BB: Gibt es noch eine bestimmte Botschaft, die Sie als Ranger oder ehemaliger Ranger den Menschen auf Ihren geführten Wanderungen vermitteln möchten?
Friedemann Bartz: Also wenn wir in der Natur unterwegs sind, dann müssen wir uns dieser Natur einfach unterordnen. Und das heißt, wir halten das Wegegebot ein, wenn wir Hunde mitbringen, führen wir die Hunde an der Leine. Und wir genießen, dass einfach die Ruhe der Natur.
Es gibt übrigens nahezu zur gleichen Zeit ein zweites Highlight bei den Naturbeobachtungen hier bei uns in der Region, im Nationalpark Vorpommersche Boddenlandschaft. Die Hirschbrunft am Darßer Ort. Und das ist was ganz Besonderes dort, wenn man die Hirsche dort an dieser Stelle beobachten kann. Man kann sagen, das ist ein Alleinstellungsmerkmal. Die Hirsche, die auf den Dünen stehen, die dort röhren, die dort kämpfen. Und im Hintergrund hast du das Mare Baltikum, unsere wunderschöne Ostsee. Also faszinierend, einzigartig, wenn man dort den König des Darßwaldes an dieser Stelle beobachten kann. Kann ich nur jedem empfehlen, sich an den Führungen zu beteiligen, die ja auch von der Stadt Barth angeboten werden. Man vergisst es einfach nicht, dieses Erlebnis, dieses Einzigartige, dieses Faszinierende. Dort im Nationalpark Vorpommersche Boddenlandschaft am Darßer Ort.

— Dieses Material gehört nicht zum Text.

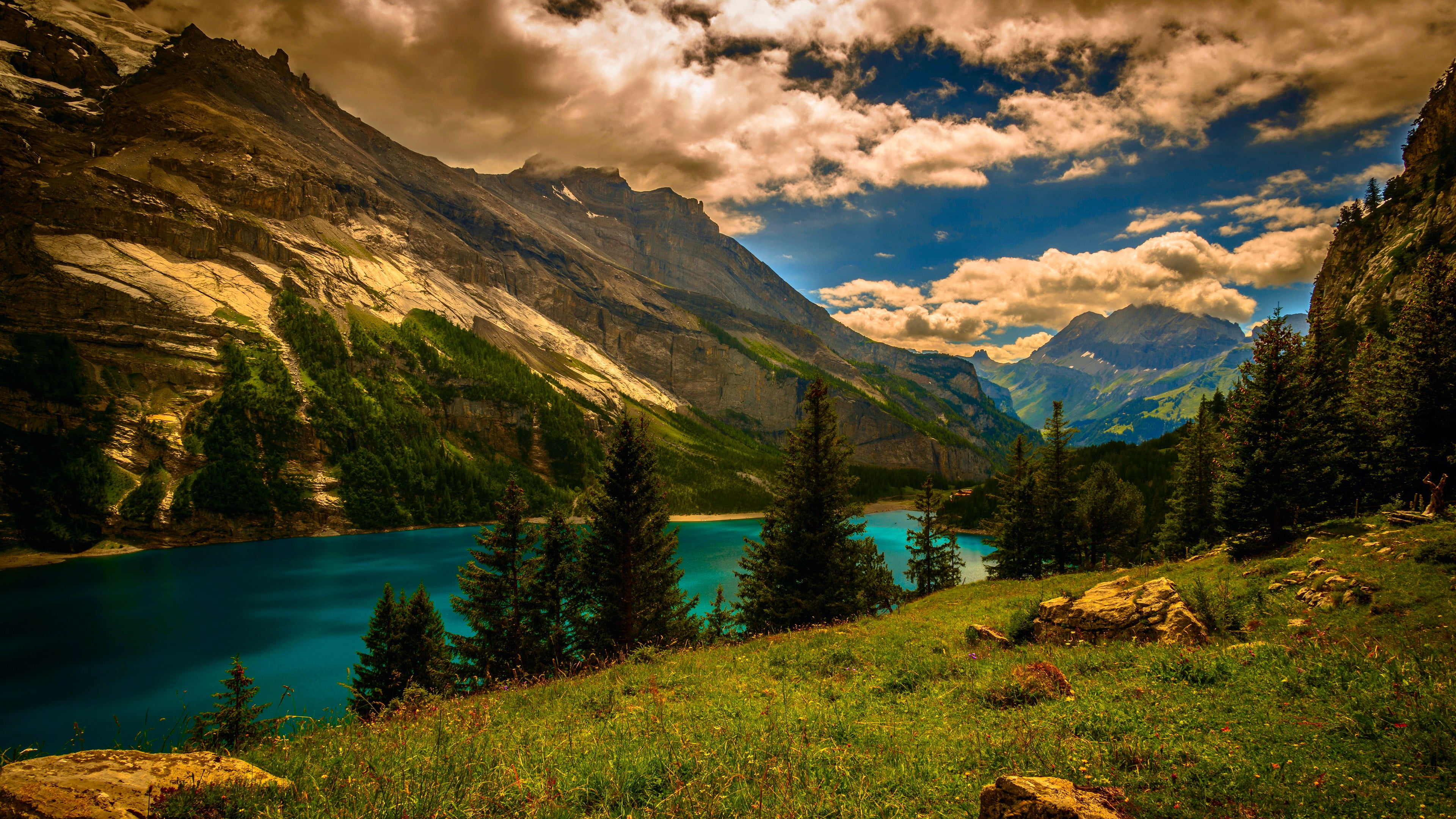 tranquil scene, non-urban scene, coniferous tree, 4K, formation, cloud - sky, mountain range, bank, mountain lake, tranquility, sky, outdoors, tree, plant, HD Wallpaper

Und man kann die Hirsche dort an dieser Stelle am Darßer Ort, ich möchte das fast so nennen, aus nächster Nähe betrachten. Weil die Hirsche mit ihren Geweihen, ich nenne das immer die Insignien der Macht, die stecken ja während der Brunftzeit voller Testosteron. Und sie vergessen einfach die Gefahren, die auch durch Menschen oft entstehen für sie. Und deswegen kommt man relativ nah an diese Tiere ran und kann sie wunderbar fotografieren. Also für Fotografen ist das einfach ein Hotspot. Da sind mehrere Brunftrudel am Darßer Ort und ich weiß genau, wo stehen die starken Hirsche und kann den Leuten dann diese Giganten des Darßwaldes dort einfach vorführen.
BB: Vielen Dank, Herr Bartz, für diese interessanten Einblicke in die faszinierende Welt der Kranichrast und Naturbeobachtung in unserer Region. Es war sehr aufschlussreich, mit Ihnen zu sprechen.
Friedemann Bartz: Gern geschehen. Es war mir eine Freude, über meine Leidenschaft für die Natur und die Schönheit unserer Region zu sprechen.